▶ _PROBLEM DETAILS_: Range to repeat from the listing below: the line containing "Coque iPhone 14" down to the line containing "SF900 Console for", both included. Copy it exactly, pictures excluded, and add nothing else.

▶ _DATA UNDER STUDY_:
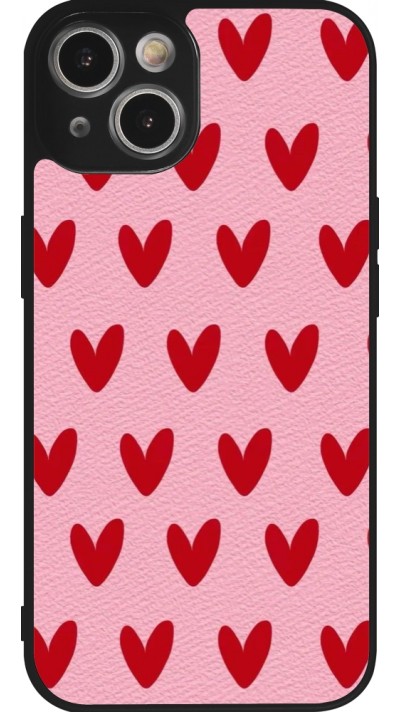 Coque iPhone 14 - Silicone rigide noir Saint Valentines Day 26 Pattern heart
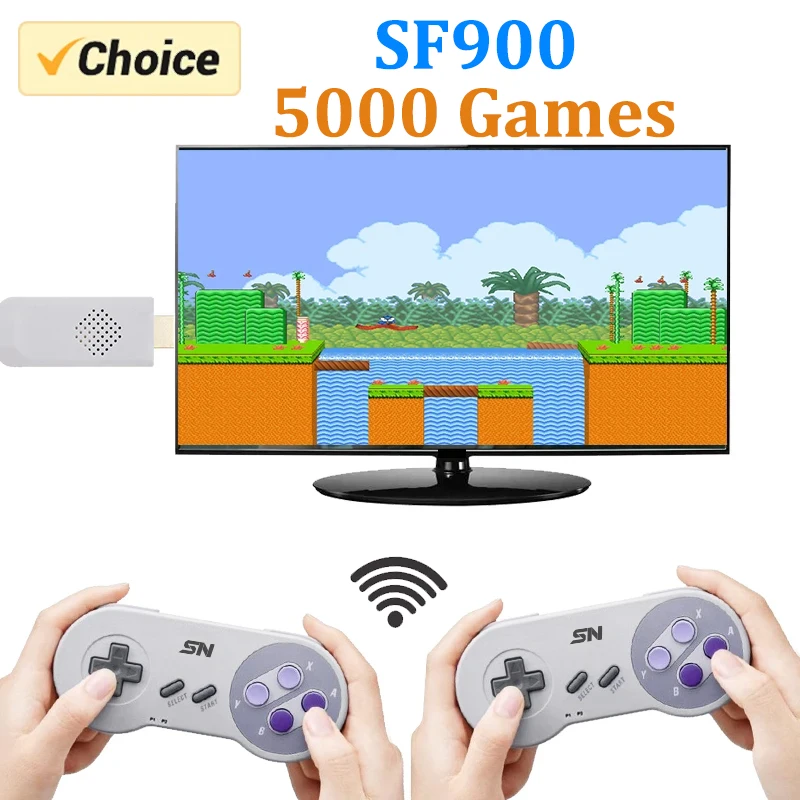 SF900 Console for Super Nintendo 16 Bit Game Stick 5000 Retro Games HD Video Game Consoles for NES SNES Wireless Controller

--

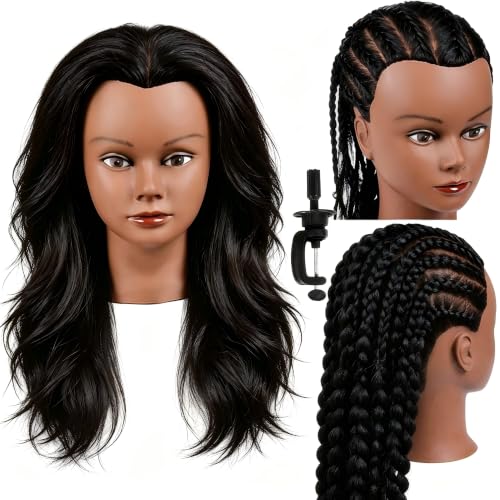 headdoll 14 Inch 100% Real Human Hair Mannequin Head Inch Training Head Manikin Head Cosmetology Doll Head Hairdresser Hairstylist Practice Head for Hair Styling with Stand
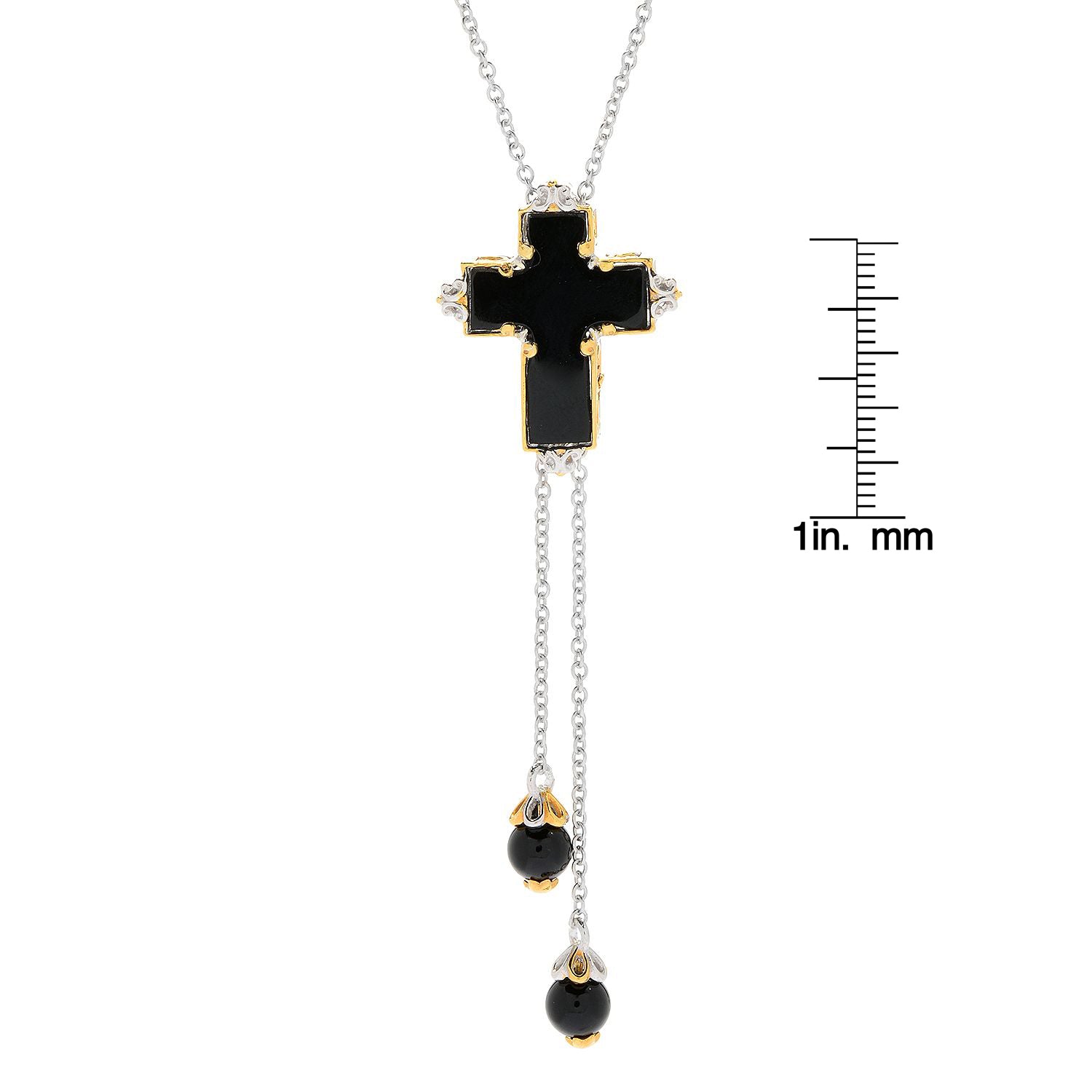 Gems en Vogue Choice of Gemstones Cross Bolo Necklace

▶ _RESPONSE BELOW_:
 Coque iPhone 14 - Silicone rigide noir Saint Valentines Day 26 Pattern heart
 SF900 Console for Super Nintendo 16 Bit Game Stick 5000 Retro Games HD Video Game Consoles for NES SNES Wireless Controller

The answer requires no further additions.